Jerry Miccolis, our Chief Investment Officer and author of Asset Allocation For Dummies® (Wiley, 2009),  and the team at Brinton Eaton have been working for some time to advance the science of investment risk management.  They have built upon the time-tested framework of diversification and rebalancing to take portfolio design to an entirely new level.

In our quest to improve how we practice investment risk management, we are not abandoning the proprietary strategies that have worked well for us and our clients in the past.  The asset allocations we employ are the result of rigorous modeling on our part, and incorporate the following key features:

  • The expected return of each asset class
  • The volatility of that return
  • How that return relates to the expected returns of the other asset classes in your portfolio.

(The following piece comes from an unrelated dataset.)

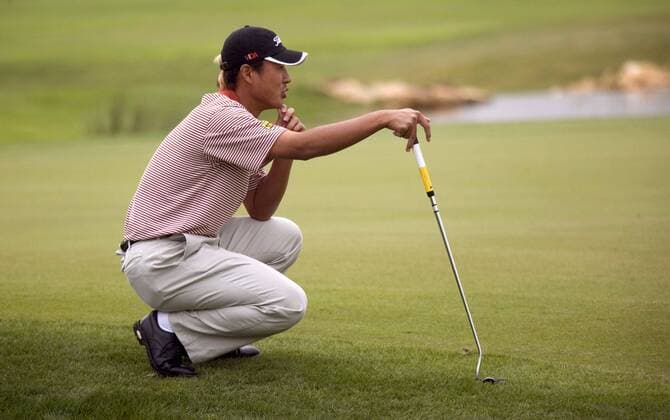 Takuya Taniguchi (Japan) nachdenklich Golf Herren WGC Algarve World Cup Portugal 2005, Worldcup, PGA European Tour, World Championships, Golfen Einzelbild Vilamoura Nachdenklichkeit,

Additionally, our overall goal remains unchanged: to find the right mix of assets that will give your overall portfolio the best return potential for the least risk.  However, we have now made our asset allocation methodology much more dynamic by creating a more advanced proprietary modeling system that:

  • Better captures the complex relationship between assets in different market environments (including, for example, the outbreak of “contagion” when virtually all normally unrelated asset classes decline suddenly at once, as they did in late 2008);
  • Includes more sophisticated measures of risk that paint a more accurate picture of what can happen when certain things go wrong; and
  • Operates much more quickly and efficiently

The result?  We believe we are more nimble and proactive than our peers in reacting to fundamental changes in the market and economy in order to improve our investment results.  This is critical in today’s complex world where geopolitics can change daily and potentially disrupt your portfolio.